> [Required action]:
Print exactly the first lines of the records. Stop after the line containing "Holi Happiness: Toddler's", and leave every picture out.
Given data Start Marker
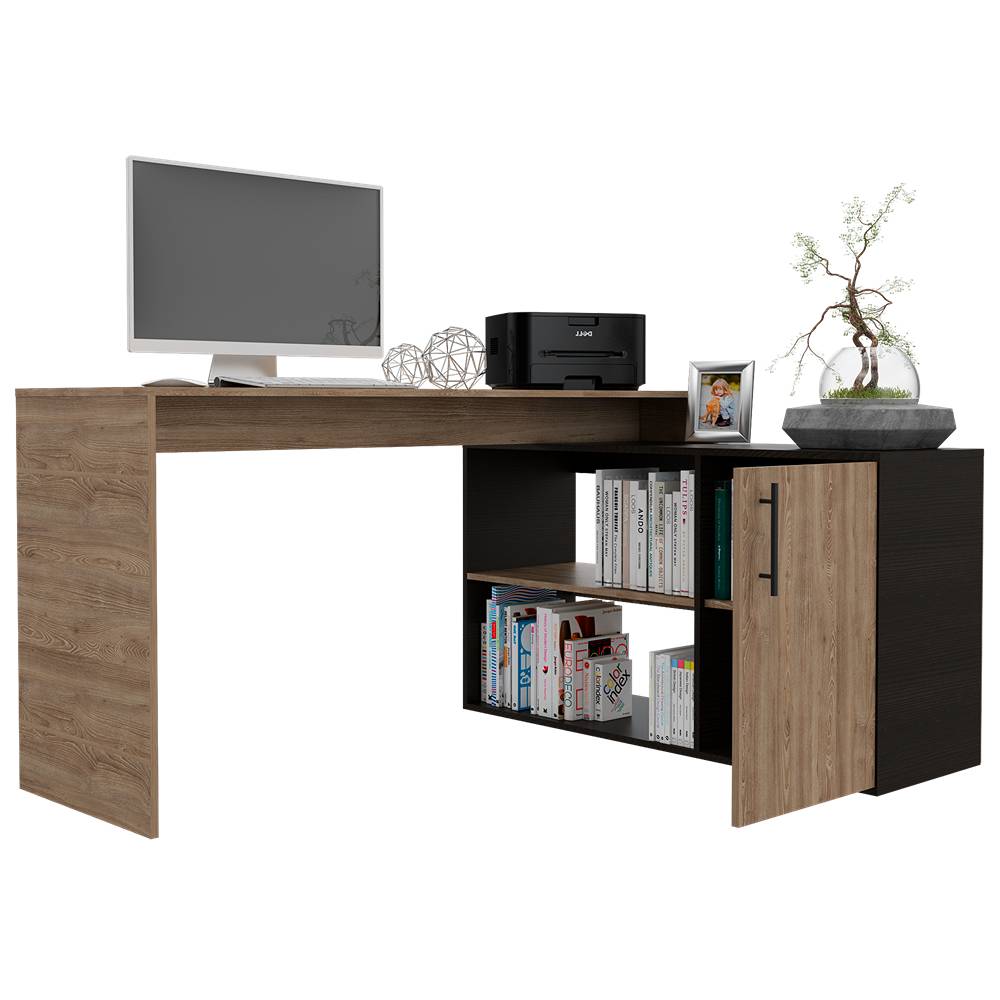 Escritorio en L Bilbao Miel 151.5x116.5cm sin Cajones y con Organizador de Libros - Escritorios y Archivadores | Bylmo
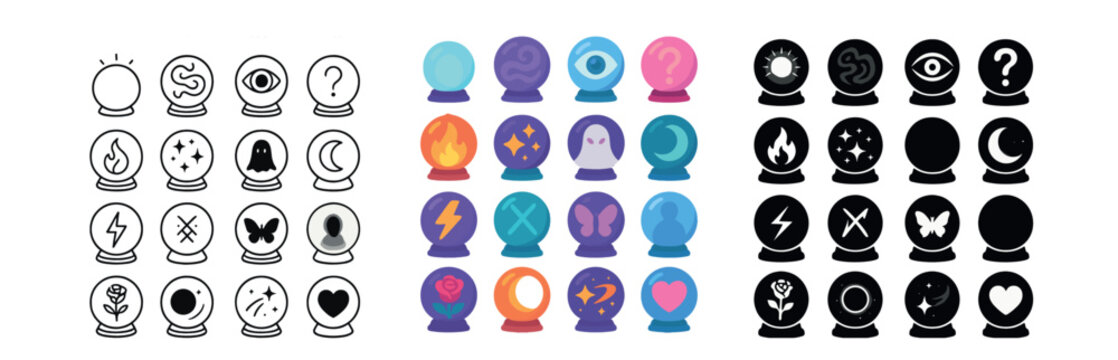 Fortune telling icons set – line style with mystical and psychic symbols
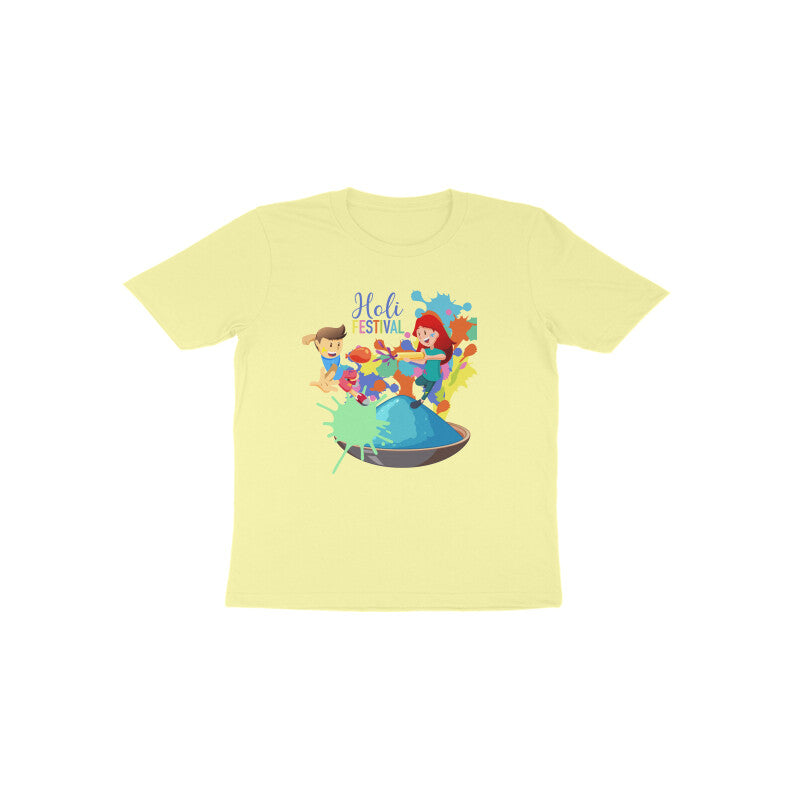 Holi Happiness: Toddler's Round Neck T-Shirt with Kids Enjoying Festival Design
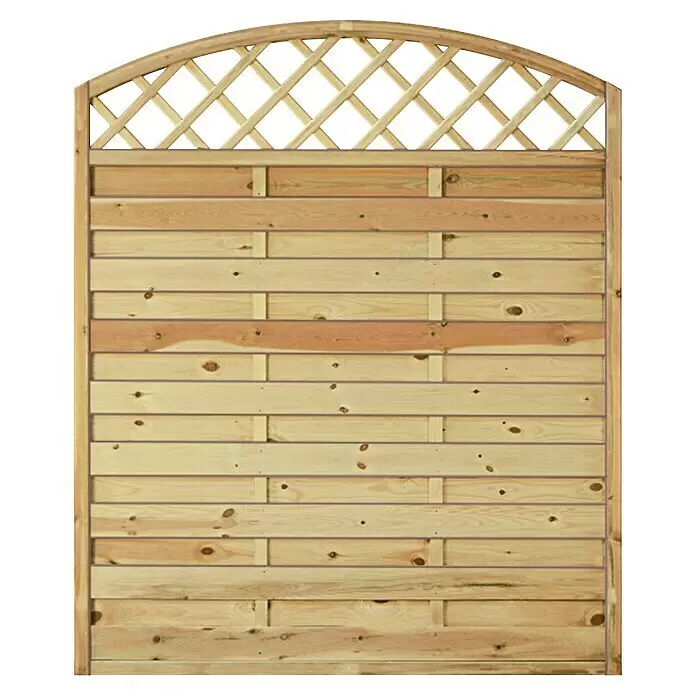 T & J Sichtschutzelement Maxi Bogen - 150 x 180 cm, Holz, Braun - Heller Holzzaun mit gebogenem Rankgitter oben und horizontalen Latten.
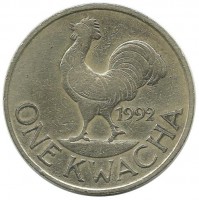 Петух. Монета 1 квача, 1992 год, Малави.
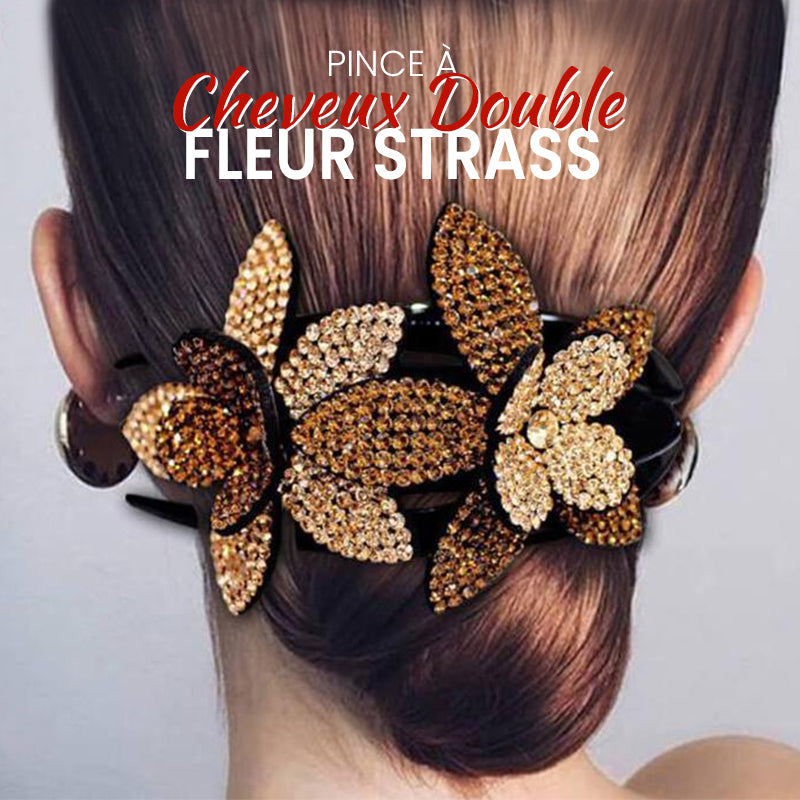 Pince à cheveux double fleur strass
Given data End Marker
> [Response area]:
 Escritorio en L Bilbao Miel 151.5x116.5cm sin Cajones y con Organizador de Libros - Escritorios y Archivadores | Bylmo
 Fortune telling icons set – line style with mystical and psychic symbols
 Holi Happiness: Toddler's Round Neck T-Shirt with Kids Enjoying Festival Design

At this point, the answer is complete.